Give back the exact lines of the material below from the one containing "Gran respuesta al" through the one containing "Hill's Prescription Diet", and no pictures.

→ RECORDS SUPPLIED:
....
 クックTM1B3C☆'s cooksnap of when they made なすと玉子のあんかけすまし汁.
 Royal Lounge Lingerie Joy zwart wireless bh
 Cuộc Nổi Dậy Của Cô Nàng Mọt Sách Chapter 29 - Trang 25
....
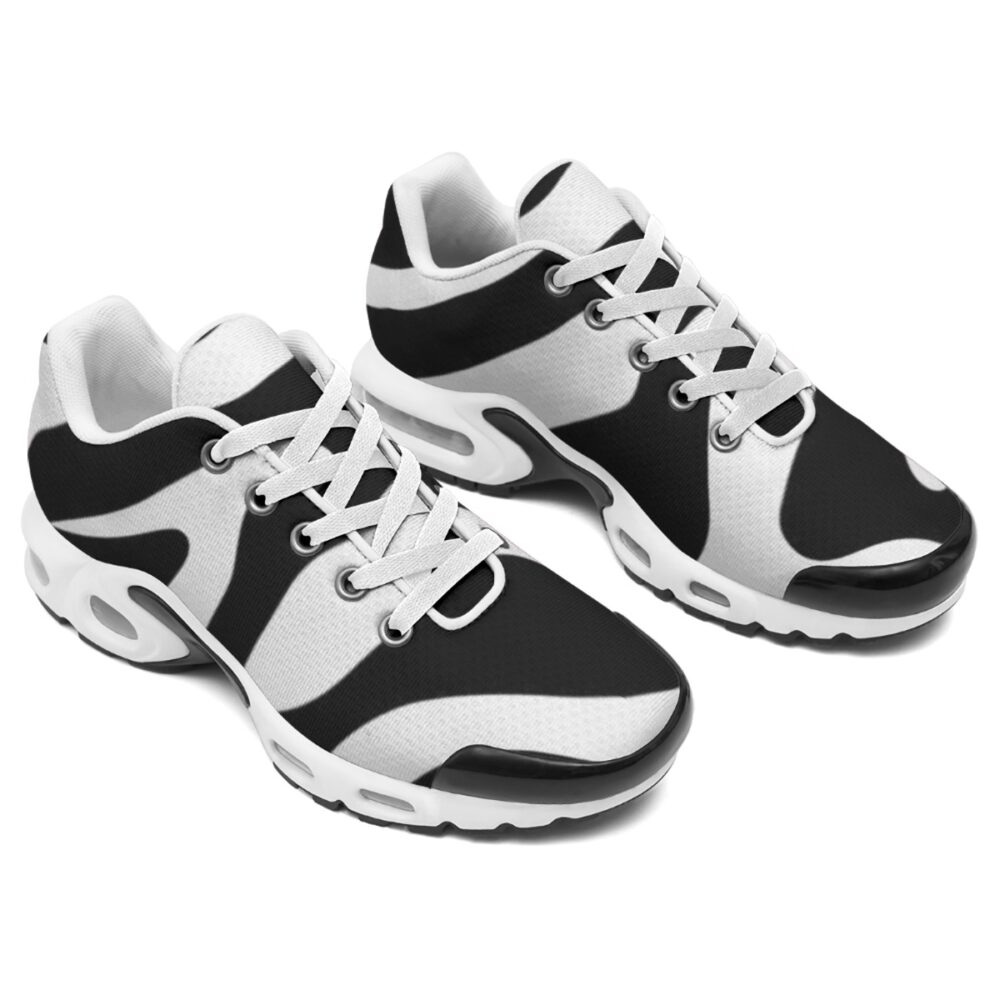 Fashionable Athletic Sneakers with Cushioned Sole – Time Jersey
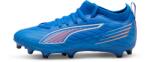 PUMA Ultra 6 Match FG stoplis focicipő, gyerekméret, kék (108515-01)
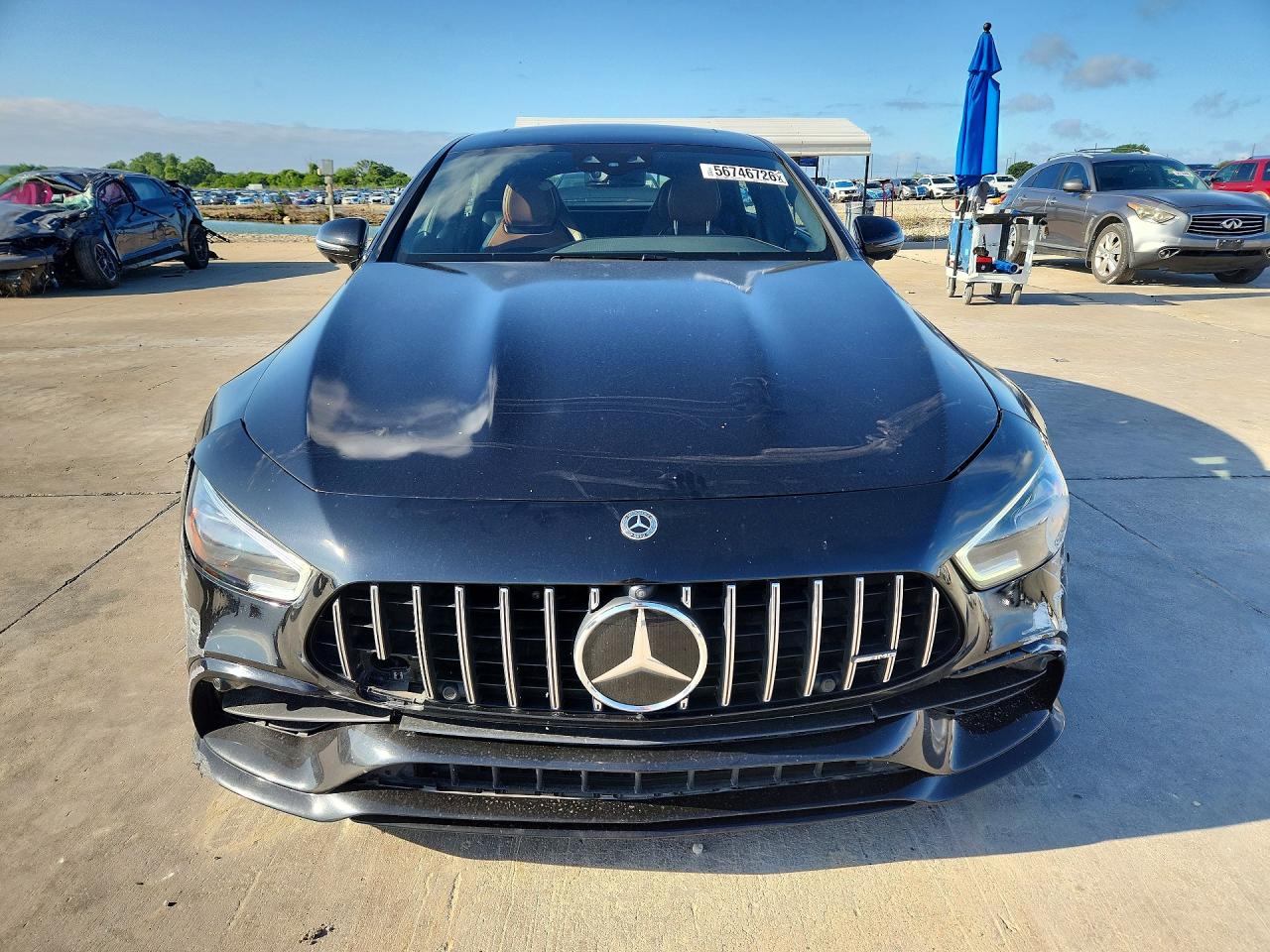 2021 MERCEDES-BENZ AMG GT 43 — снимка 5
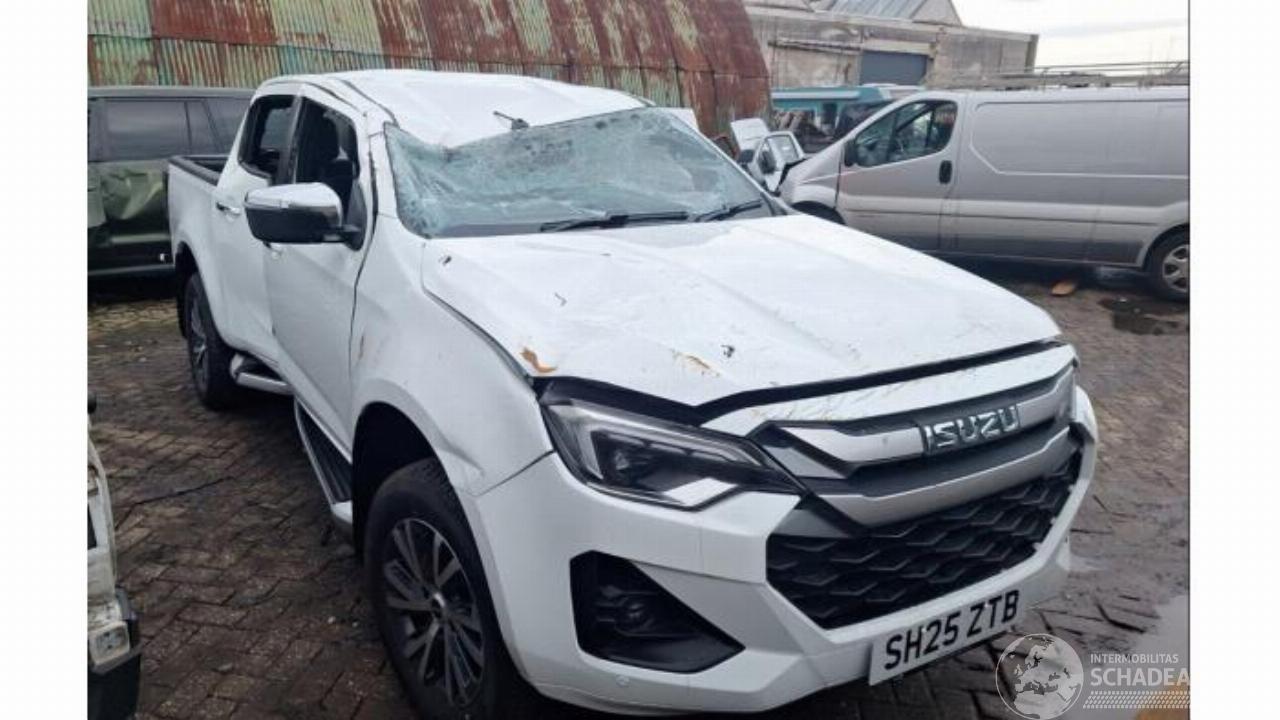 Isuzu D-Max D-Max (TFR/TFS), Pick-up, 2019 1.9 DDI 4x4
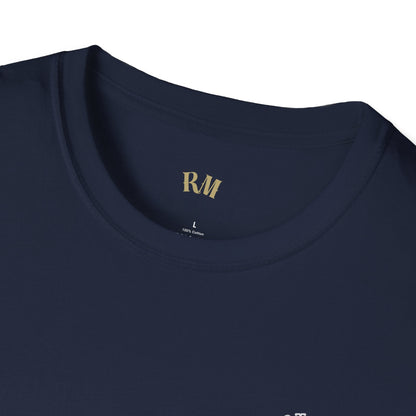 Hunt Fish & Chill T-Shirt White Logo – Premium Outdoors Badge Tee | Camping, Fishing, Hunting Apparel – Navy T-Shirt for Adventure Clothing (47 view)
....
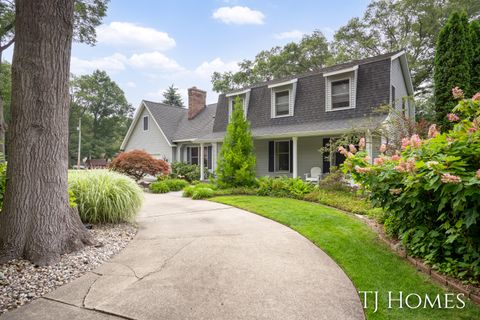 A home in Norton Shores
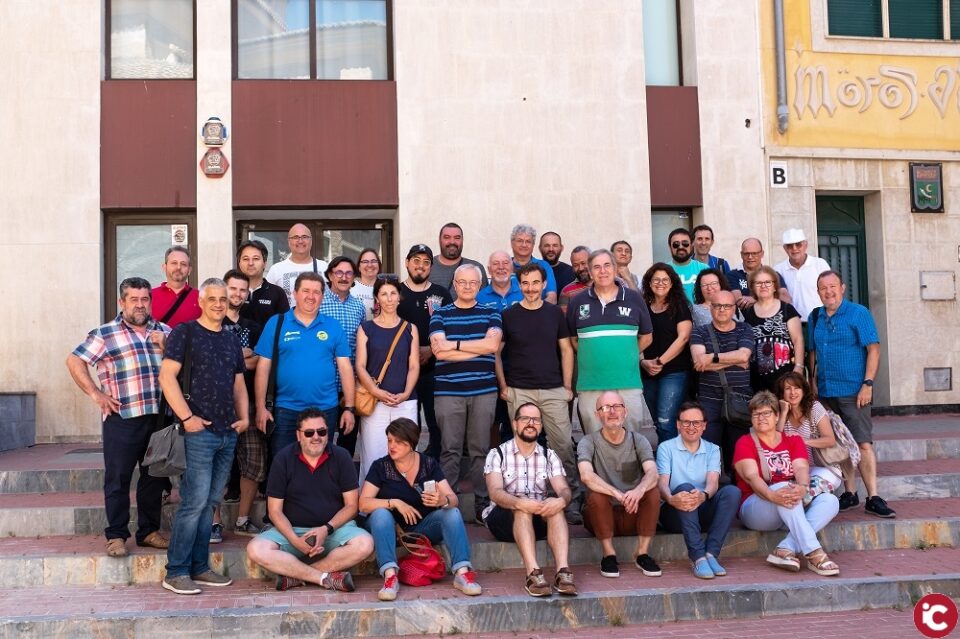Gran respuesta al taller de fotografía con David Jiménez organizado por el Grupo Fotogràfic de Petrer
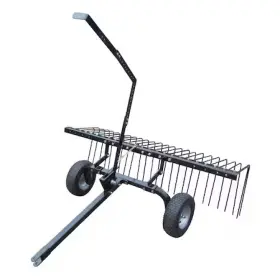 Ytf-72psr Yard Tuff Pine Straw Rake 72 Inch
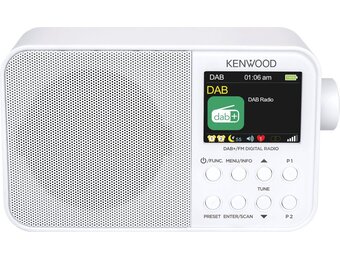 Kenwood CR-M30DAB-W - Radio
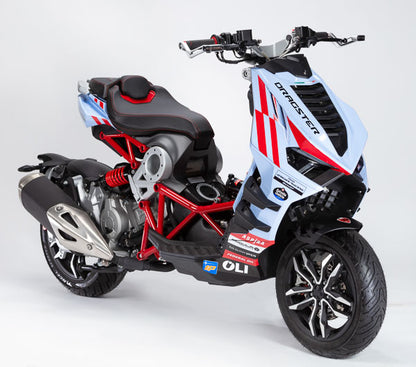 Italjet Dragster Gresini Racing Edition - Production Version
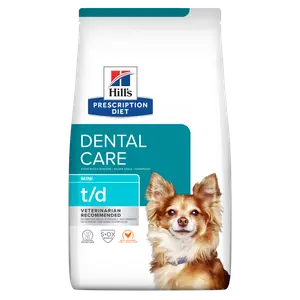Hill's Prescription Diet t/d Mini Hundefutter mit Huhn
....
→ WRITTEN ANSWER:
Gran respuesta al taller de fotografía con David Jiménez organizado por el Grupo Fotogràfic de Petrer
 Ytf-72psr Yard Tuff Pine Straw Rake 72 Inch
 Kenwood CR-M30DAB-W - Radio
 Italjet Dragster Gresini Racing Edition - Production Version
Hill's Prescription Diet t/d Mini Hundefutter mit Huhn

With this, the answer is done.